5-4 Une rationalité différente

C’est là que se niche un des débats majeurs des sciences sociales: la validité de la théorie du rational choice ou la généralisation à l’ensemble des activités humaines de ces présupposés économiques à l’origine. Demeulnaere montre 333 que sa généralisation dans l’homo oeconomicus est une construction récente, à vocation idéologique et que son dogmatisme est à l’origine des échecs contemporains de l’économie.

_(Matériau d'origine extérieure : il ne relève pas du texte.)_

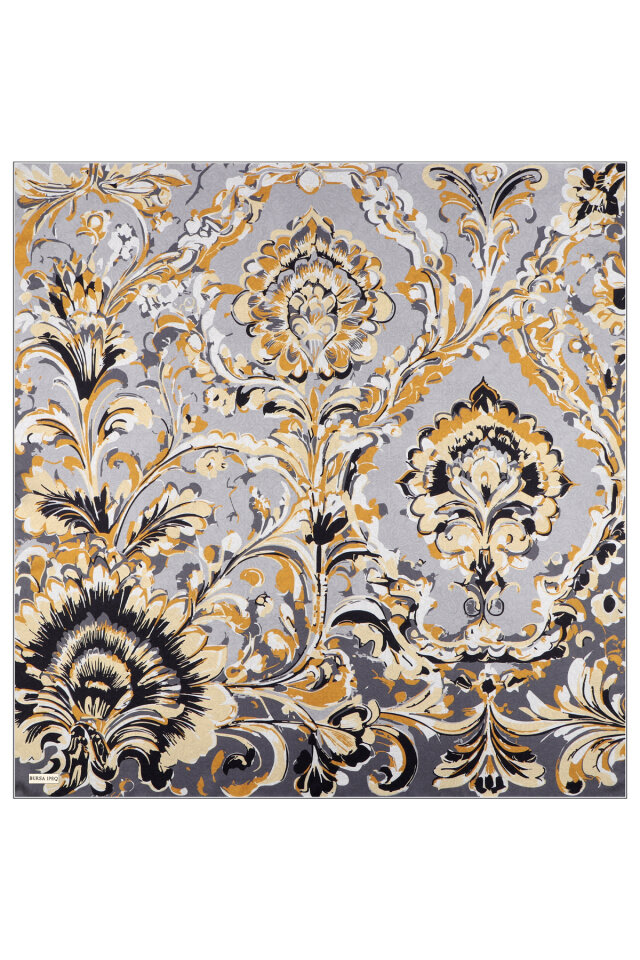 Gold Flower Pattern Twill Silk Scarf - 2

Claval 334 se montre aussi très critique: son succès vient “de ce qu’il [le rational choice] constitue le complément naturel des modèles d’équilibre et de jeu des feed-back qu’autorisent les marchés.” Cela permet à la géographie (mais la remarque vaut pour toutes les autres sciences sociales) de s’intégrer à un ensemble rationnel et simplifié dominant: “l'espace n'intervient que dans le jeu proprement économique - il est obstacle aux transports nécessaires à la vie de relation et d’échanges.”

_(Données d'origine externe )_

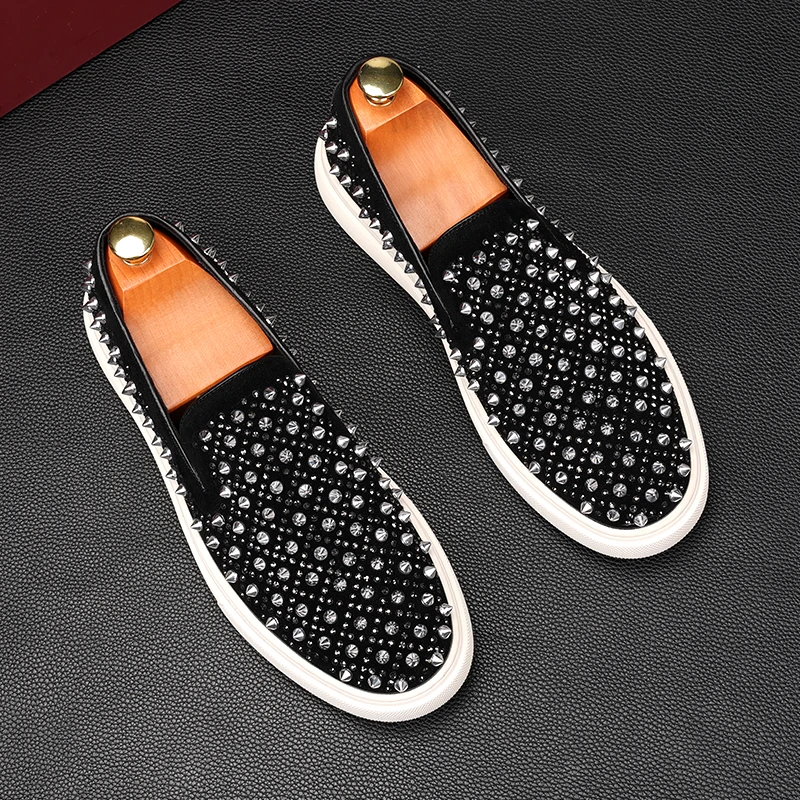 

men's casual hip hop rock rivets shoes slip-on spikes shoe cow suede leather flats studded loafers personality designer footwear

A ce titre, on va nier sous le vocable très péjoratif de relations de proximité le rôle des partis, syndicats, églises ou associations, trop difficiles à intégrer. “Les implications géographiques du modèle de l'homo rationalis sont peu nombreuses et presque toutes négatives, car la vision de la nature humaine sur laquelle il est bâti est très pauvre. Ce qu’il nous suggère ce n’est pas de nous intéresser aux particularités des individus, mais de les négliger comme secondaires et sans pertinence pour qui veut comprendre le monde.” 335

L’échec de l’aménageur réside souvent dans l’incapacité d’intégrer ces rationalités: les contraintes de l’économie et les cadres socio-politiques face aux citoyens ordinaires dont les cheminements “rusent” avec la première pour reprendre l’expression de Di Méo 336 .

C’est bien là que demeure une question essentielle pour les économistes: comment rendre compte d’attitudes non-économiques, c’est à dire répondant à une autre rationalité, qui perdurent dans un monde qui pourtant est marqué par le triomphe de l’économique ? Que peut-on gagner en allant dépenser de l’argent pour danser ? En quoi l’intérêt d’un individu serait-il menacé s’il ne participait pas au bal du village ? Deux approches sont possibles; les économistes insistent sur les motivations individuelles tandis que les sociologues privilégient la formation du groupe.

Notes
333.

DEMEULENAERE, Pierre. Homo oeconomicus. Enquête sur la constitution d’un paradigme . PUF, coll. Sociologies, Paris, 1996, 288 p.

334.

CLAVAL, Paul. Géographie humaine et économique contemporaine . Op. cit., p. 236.

335.

Idem

336.

DI MEO, Guy (sous la dir.) Les territoires du quotidien. Op. cit., 207p.